Richie Ryden took these photos just before New Year’s, sending them along with the note “I took these pic’s on 12/28/16 on the Hackensack River between Rt 3 east & west Bridges , It looks like they a are rebuilding the marina there !!! I saw Reliable from Coastline Marine Towing out of Belford NJ switching barges empty for a full one with old pilings on it ! look at your blog all the time keep up the good work !!!! Happy New Year !!!!”
Happy New Year, Richie! And I have to admit I can find nothing about previous owners of Reliable also, although the late great John Skelson had a photo of her from a while back sans the upper house here. Richie’s photos also helped solidify my image of what this vessel looks like compared with another Reliable that languishes up on the Oswego Canal.
Jed sent me this photo just after the start of 2017 with the note “Happy New Year from Maryland. Here is your first tug of 2017, the ten-year-old Belgian Union Grizzly that I saw on the Scheldt in 2012.” Thx Jed. And since that time, she’s sent a half dozen more photos of European tugboats, which I’ll post soon.
And Tyler Jones must be losing his patience: he sent me this photo back on November 1, and I still have not put it up. What I love about this photo, Tyler, is the fog giving the impression that Coral Coast pushing a cement barge upriver at Poughkeepsie is weightless, floating lazily on the clouds. Thx much, Tyler.

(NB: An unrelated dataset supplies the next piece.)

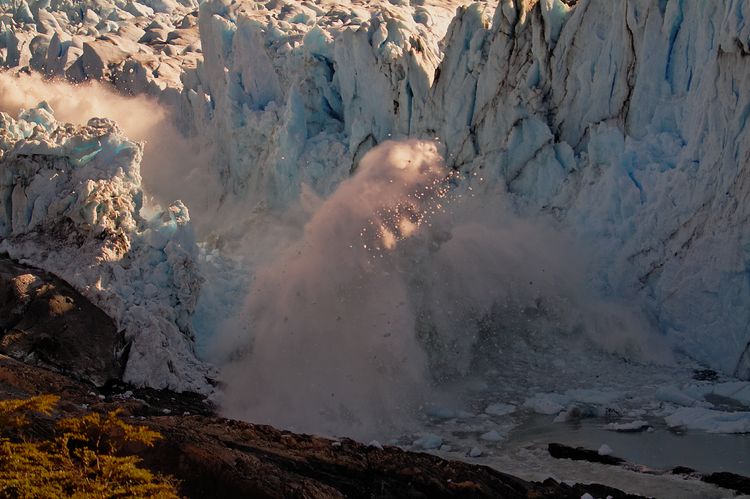 Ледник Перито-Морено обрушился на глазах небольшой группы людей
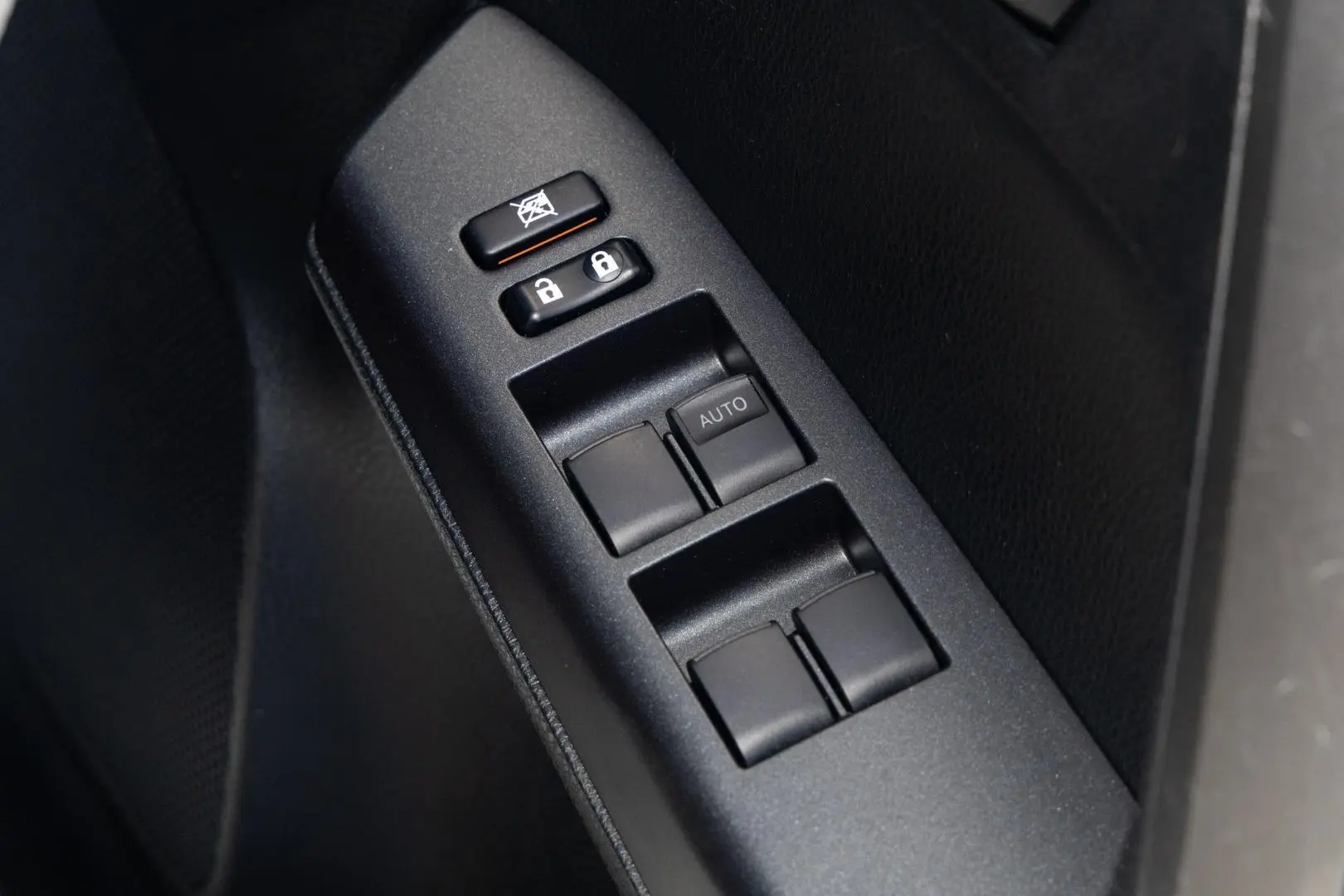 2018 Toyota RAV4 Gallery Image 18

Jan van der Doe periodically sends me photos from Canadian Lake Ontario ports. He didn’t identify this boat although I’m wondering if it’s Lac Manitoba, which capsized on the Ottawa River back in June 2015.

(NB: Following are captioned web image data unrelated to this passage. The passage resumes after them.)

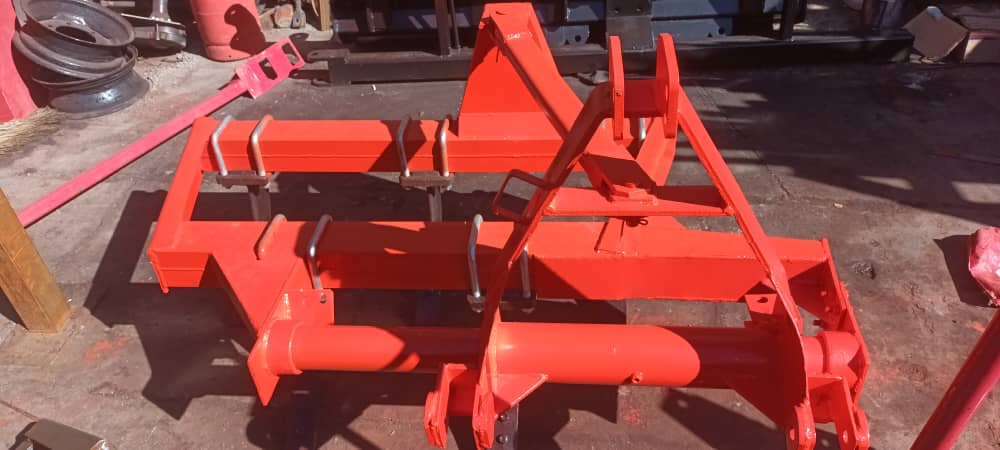 ساخت ادوات کشاورزی زراعی و باغی مناسب با نیاز کشاورز و نوع تراکتور در سراسرکشور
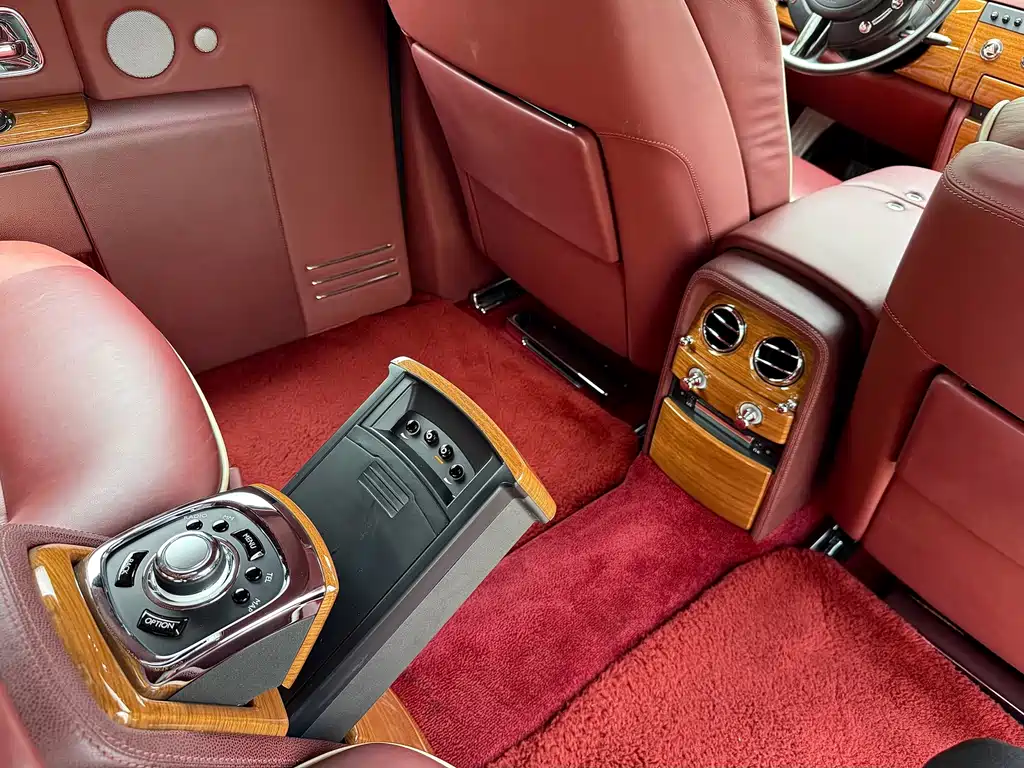 Rolls-Royce Phantom 2015 — фото 30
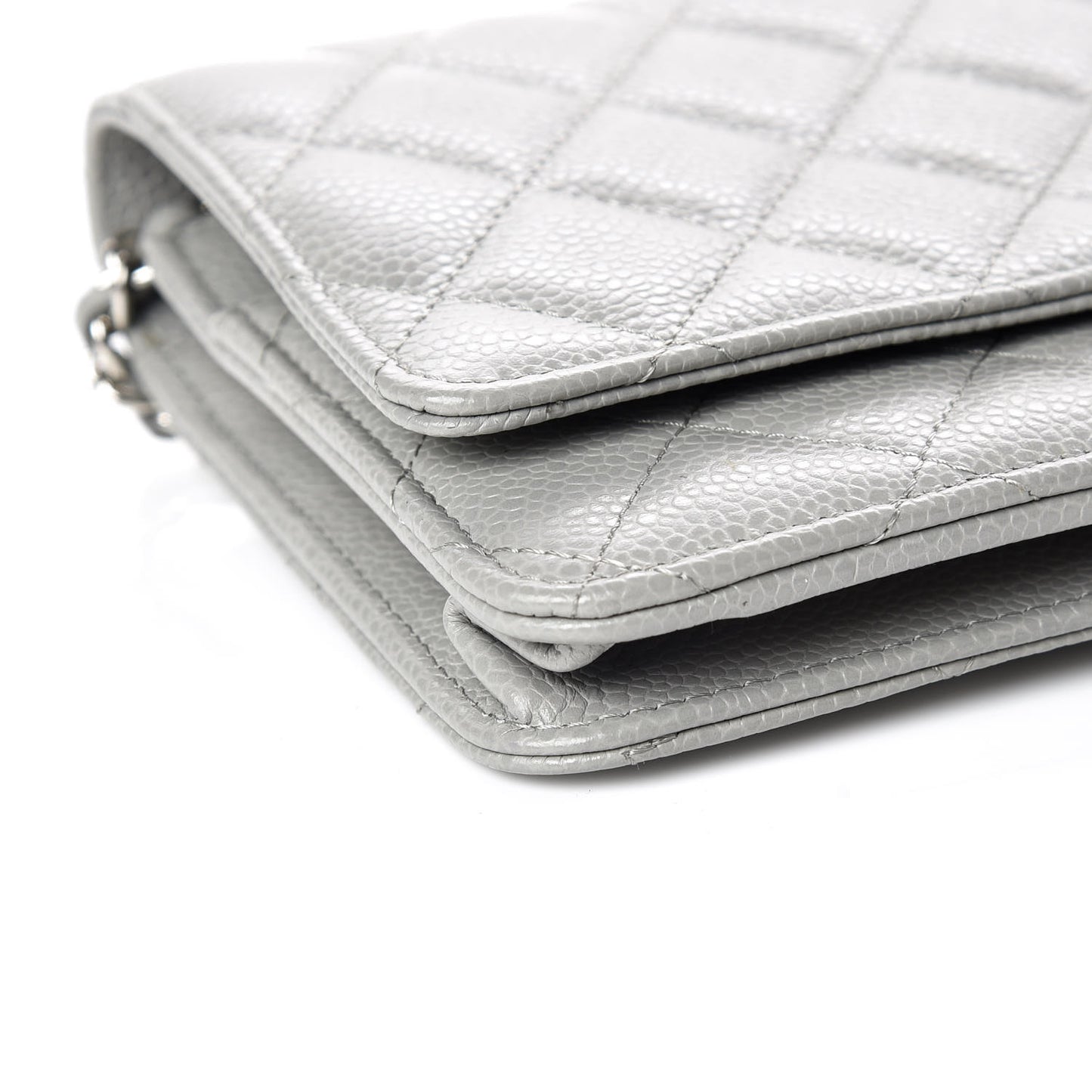Caviar Quilted Wallet on Chain WOC Grey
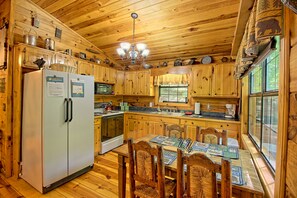 冷蔵庫、電子レンジ、オーブン、コンロ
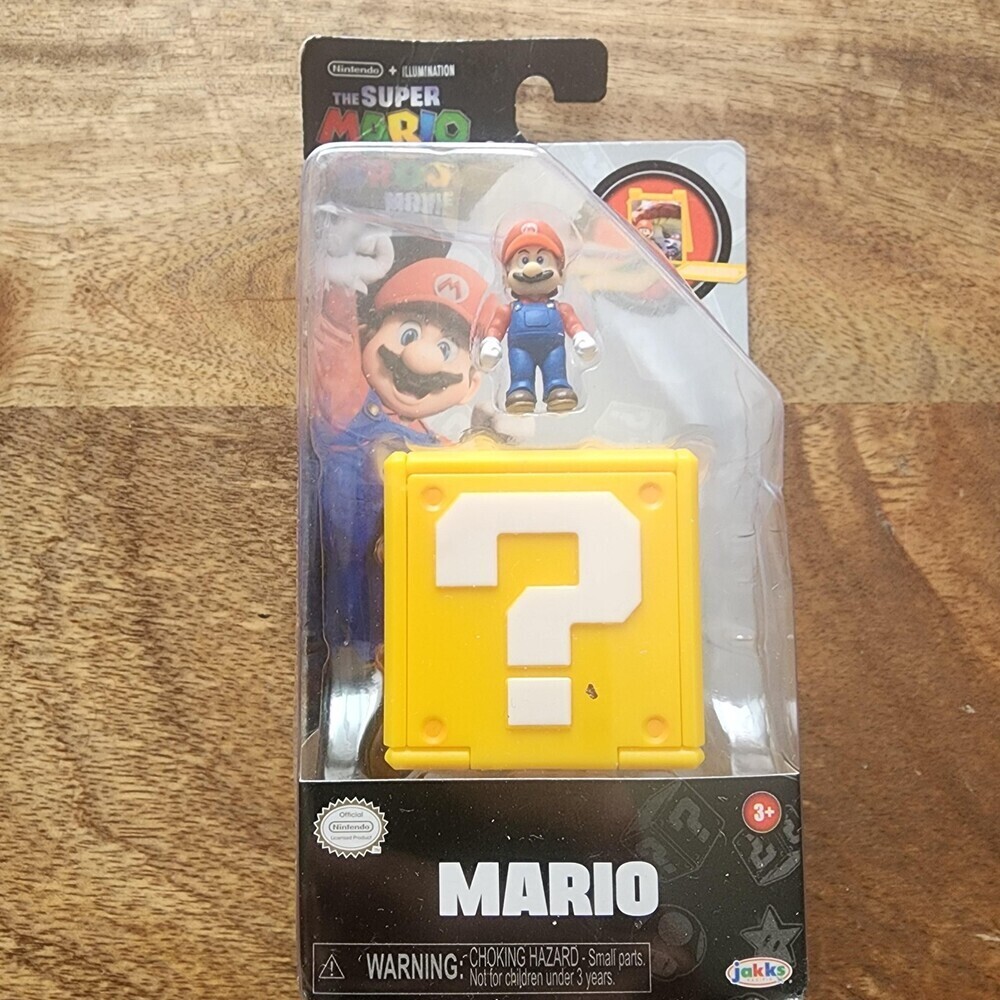 JAKKS Pacific Super Mario Bros Movie Mario Question Block Figure New Card Wear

In Hamilton harbor, here’s (l to r) Florence M, Tony Mackay, and James A. Hannah. Hannah is a sister of Bloxom, the cover model for my documentary about the Arthur Kill graveyard and the most intact tugboat in the graveyard on the Arthur Kill.

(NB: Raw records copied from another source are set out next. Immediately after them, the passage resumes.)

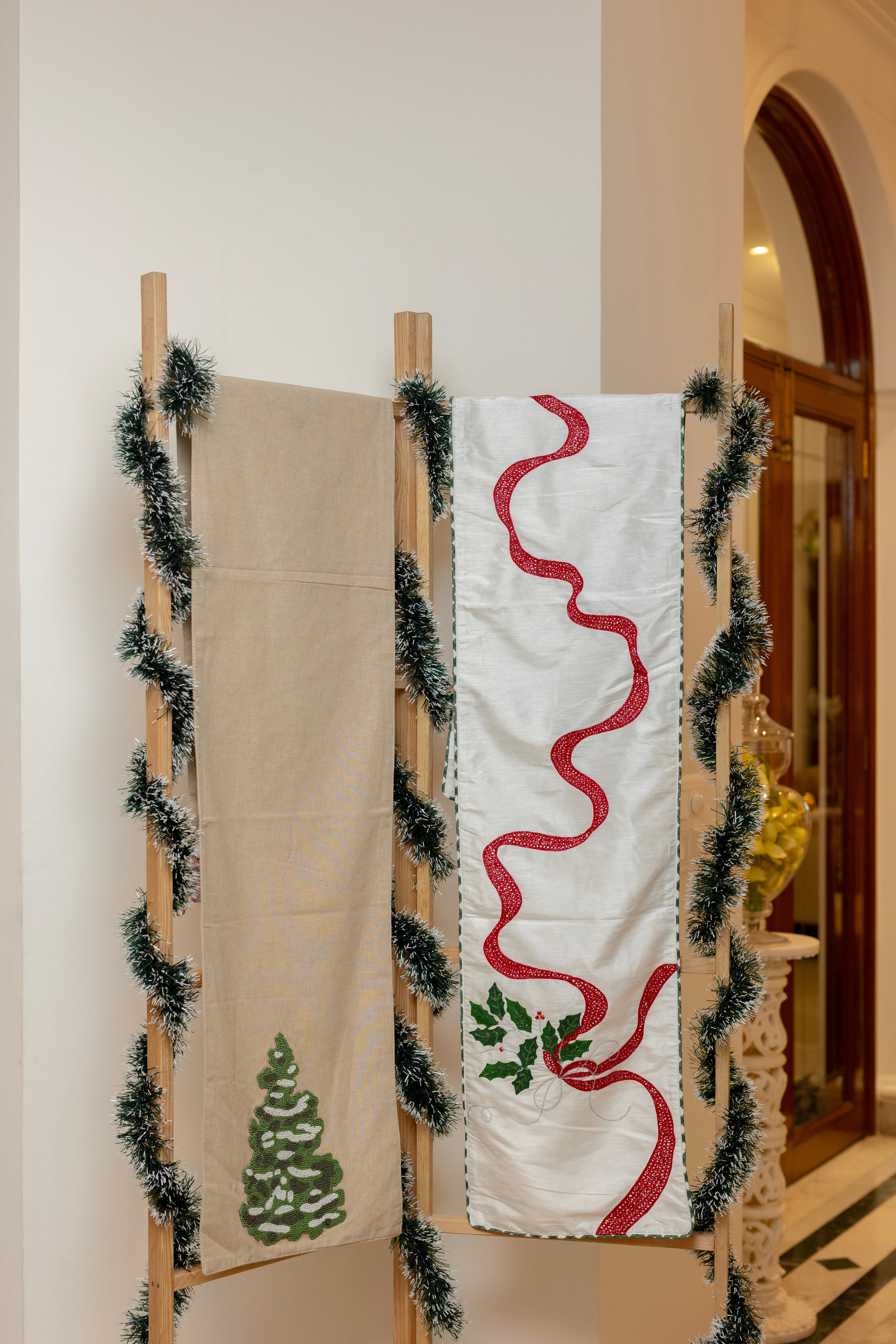 Xmas 2 Table Runner 13.5″X71.5″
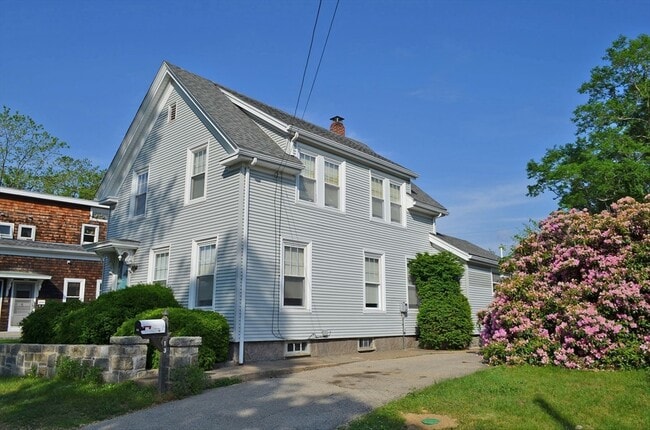 Primary Photo - 13 S Kilby St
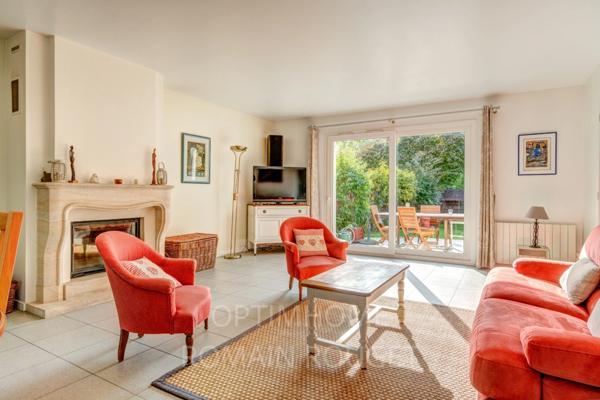 Montesson Village - Maison 8 pièces avec grand jardin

And finally, on December 12, here are more McKeil boats tied up in Hamilton.
Thanks much M & M, Richie, Jed, Tyler, and Jan.
You may remember the Sojourn story here, about a Belgian freight barge that the original owner and builder sold, lost track of, and then rediscovered in upstate New York? Here was how she arrived in upstate NY.
Well, after two years of work, she’s under way–just ahead of winter storm Argos. These photos were taken yesterday (Thursday) by Bob Stopper up in Lyons, NY. Below, Sojourn is easing not Lock 28A,
heading for Lock 27, and
and out of the canal before it closes, draw-down takes place, and ice invades.
Calling all eastern Erie Canal watchers and Hudson River photographers, here’s Bob’s short background to the vessel:
“First arrived in Lyons on November 12, 2013 . The boat was built in 1963 and originally used as a coal and materials barge. It was used for over 40 years by the same family, but eventually because of family illness, the barge was sold. The barge was purchased by Paula Meehan, founder of Redken Cosmetics, renamed the Sojourn, and converted in 2006 to a Hotel Barge and used for high style cruises in France. Ms Redken shipped the barge via freighter to America with the intention of cruising American waters, especially the Erie Canal. Unfortunately, Ms Redkin died in 2014, and the barge returned to the Lyons Dydock on October 15, 2014. It sat in the Lyons Drydock and began to deteriorate until purchased by a young hi-tech internet entrepreneur from the state of Washington. The newly renovated barge, 126′ x 18′, left Lyons on November 17 headed for its new home in the NYC Harbor.”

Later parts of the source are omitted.